Goal of the exercise
Whenever a line in the data below includes the string "Phone", copy it out.

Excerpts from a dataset
+--
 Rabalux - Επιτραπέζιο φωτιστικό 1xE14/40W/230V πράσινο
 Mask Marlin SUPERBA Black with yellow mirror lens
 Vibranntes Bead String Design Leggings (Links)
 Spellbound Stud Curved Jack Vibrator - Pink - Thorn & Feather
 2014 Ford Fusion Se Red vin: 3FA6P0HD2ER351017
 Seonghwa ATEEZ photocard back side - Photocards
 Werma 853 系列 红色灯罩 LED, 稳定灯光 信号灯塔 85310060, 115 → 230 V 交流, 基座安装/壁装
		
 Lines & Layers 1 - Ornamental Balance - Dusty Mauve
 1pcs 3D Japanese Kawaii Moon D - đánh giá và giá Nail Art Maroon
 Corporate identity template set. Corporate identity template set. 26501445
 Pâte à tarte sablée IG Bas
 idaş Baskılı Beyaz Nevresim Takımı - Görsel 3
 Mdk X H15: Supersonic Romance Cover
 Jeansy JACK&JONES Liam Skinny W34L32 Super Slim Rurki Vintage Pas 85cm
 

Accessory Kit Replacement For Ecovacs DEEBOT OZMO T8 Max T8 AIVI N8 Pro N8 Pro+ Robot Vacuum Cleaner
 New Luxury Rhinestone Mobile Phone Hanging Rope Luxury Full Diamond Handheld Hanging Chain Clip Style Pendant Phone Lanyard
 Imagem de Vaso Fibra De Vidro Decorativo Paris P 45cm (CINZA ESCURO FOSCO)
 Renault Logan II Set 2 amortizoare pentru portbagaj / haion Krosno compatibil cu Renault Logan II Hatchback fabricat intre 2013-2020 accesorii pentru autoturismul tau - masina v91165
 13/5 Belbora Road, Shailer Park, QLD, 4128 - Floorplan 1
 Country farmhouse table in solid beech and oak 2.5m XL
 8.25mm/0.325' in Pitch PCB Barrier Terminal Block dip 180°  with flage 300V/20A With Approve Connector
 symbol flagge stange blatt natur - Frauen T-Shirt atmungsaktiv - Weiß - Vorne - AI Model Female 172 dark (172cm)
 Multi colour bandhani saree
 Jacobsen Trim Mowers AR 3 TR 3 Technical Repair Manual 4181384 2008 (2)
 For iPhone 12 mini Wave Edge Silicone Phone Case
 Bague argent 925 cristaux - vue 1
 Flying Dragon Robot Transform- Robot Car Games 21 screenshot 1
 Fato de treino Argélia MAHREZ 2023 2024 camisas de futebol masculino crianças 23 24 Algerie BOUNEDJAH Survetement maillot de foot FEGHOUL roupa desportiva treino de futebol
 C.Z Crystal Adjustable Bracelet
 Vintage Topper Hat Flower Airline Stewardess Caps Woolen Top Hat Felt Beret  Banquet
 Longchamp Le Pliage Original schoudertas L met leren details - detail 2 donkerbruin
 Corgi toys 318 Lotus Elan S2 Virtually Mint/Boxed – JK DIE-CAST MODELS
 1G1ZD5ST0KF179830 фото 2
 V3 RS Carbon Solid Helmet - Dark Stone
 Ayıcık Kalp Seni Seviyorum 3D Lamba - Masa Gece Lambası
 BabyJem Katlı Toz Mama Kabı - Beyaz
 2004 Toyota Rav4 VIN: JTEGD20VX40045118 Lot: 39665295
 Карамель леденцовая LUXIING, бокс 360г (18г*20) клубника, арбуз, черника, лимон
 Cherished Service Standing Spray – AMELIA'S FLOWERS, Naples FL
+--
Problem solution
 New Luxury Rhinestone Mobile Phone Hanging Rope Luxury Full Diamond Handheld Hanging Chain Clip Style Pendant Phone Lanyard
 For iPhone 12 mini Wave Edge Silicone Phone Case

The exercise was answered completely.